Однако с началом Войны за независимость существующий общественный договор был расторгнут. Историк Мерси Уоррен описывала это так: «Робкие трепетали при мысли об окончательном разделении; последователи пассивного послушания были потрясены нарушением веры в их исконного государя; а враги общей свободы человечества были разгневаны до безумия или впали в отчаяние. Но… они (виги. — М. Ф.) считали себя более не связанными никакими моральными узами присяги на верность государю, посягавшему на их гражданскую свободу, которую они теперь могли обеспечить только общественным договором между собой и которую они решили сохранить или погибнуть в попытке сохранить ее»[592]. Употребленная Мерси Уоррен формулировка — «общественный договор между собой» — четко фиксирует переход от концепции pactum subjectionis к pactum associationis.
Такое понимание ближе к руссоистскому.

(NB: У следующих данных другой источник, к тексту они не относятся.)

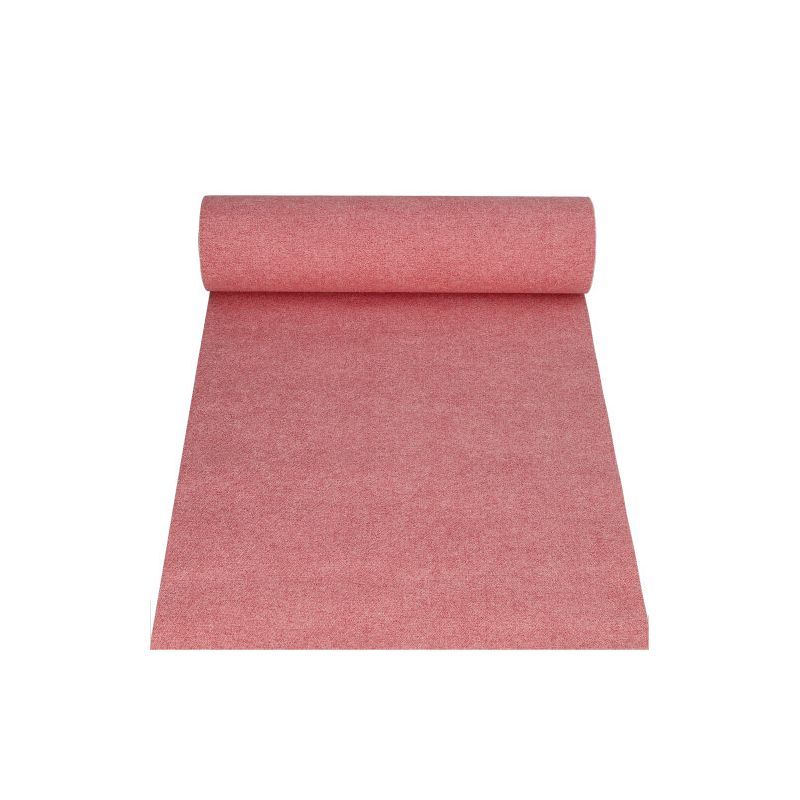 Un PAPSTAR nappe en tissu semblable PV-Tissue Mix de la « ROYAL Collection » de la PAPSTAR GmbH avec des dimensions de 24 m x 40 cm et de couleur rouge est partiellement déroulé, avec le rouleau vers le haut, devant un fond blanc immaculé.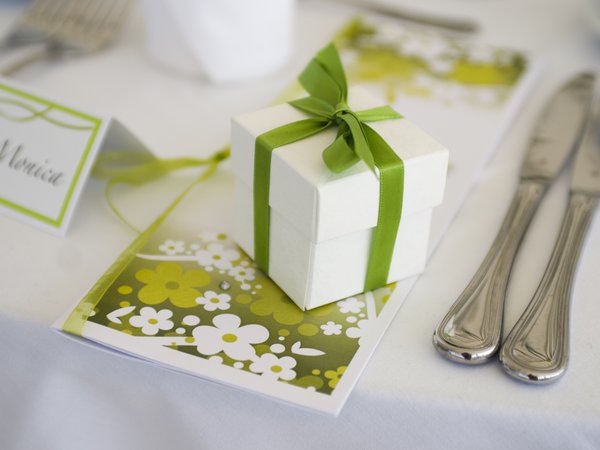 бантик, белый, коробочка, открытка, подарок, праздник, приборы, свадьба, светло-зеленый, стол, тарелка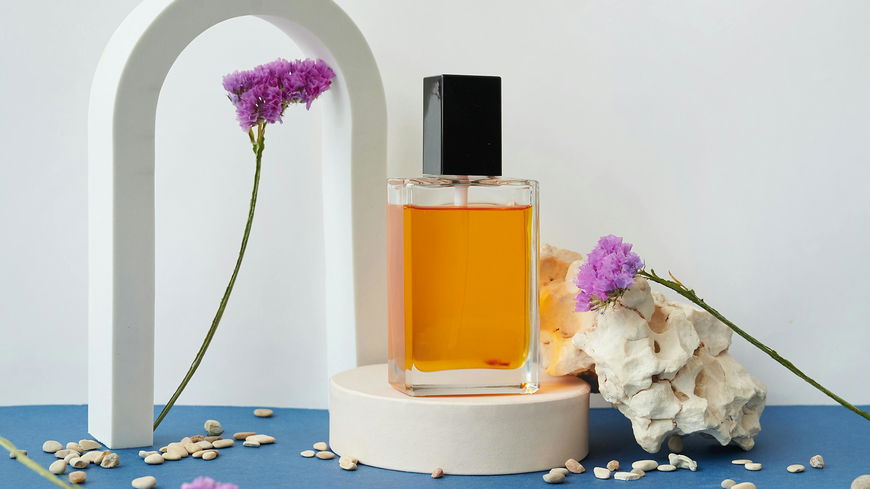 Karamell-Parfums: Die besten Produkte mit der süßen Duftnote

Именно его Жан-Жак провозглашал в своем центральном произведении: «Найти такую форму ассоциации, которая защищает и ограждает всею общею силою личность и имущество каждого из членов ассоциации, и благодаря которой каждый, соединяясь со всеми, подчиняется, однако, только самому себе и остается столь же свободным, как и прежде. Такова основная задача, которую разрешает Общественный договор»[593]. Для других европейских просветителей такое понимание не характерно. Вероятно, именно поэтому А. М. Каримский пытался связать pactum subjectionis с умеренным крылом американских вигов (прежде всего, с А. Гамильтоном), а pactum associationis — с радикальным (Т. Пейном)[594]. Представляется, что здесь взгляды «отцов-основателей» США представлены излишне статичными. Во второй половине 1770-х гг. концепция pactum associationis никак не была исключительным достоянием радикалов. Действительно, к ней прибегал Т. Пейн: «…Сами индивиды, каждый в соответствии со своим личным и суверенным правом, вступили в договор друг с другом для образования правительства; и это единственный способ, каким имеют право создаваться правительства, и единственная основа, на которой они вправе существовать»[595]. Но о том же писал и умеренный политик из Коннектикута Ной Уэбстер: «В общественном договоре каждый индивид вступает в связь с самим собой по законам общественного организма, каждый член возлагает на себя обязательство и, подчиняясь этим законам, каждый подчиняется самому себе. В таком государстве каждый член так же связан законами, как и узами, подписанными его собственной рукой»[596]. К сходной формулировке прибегал и Сэмюэль Адамс[597].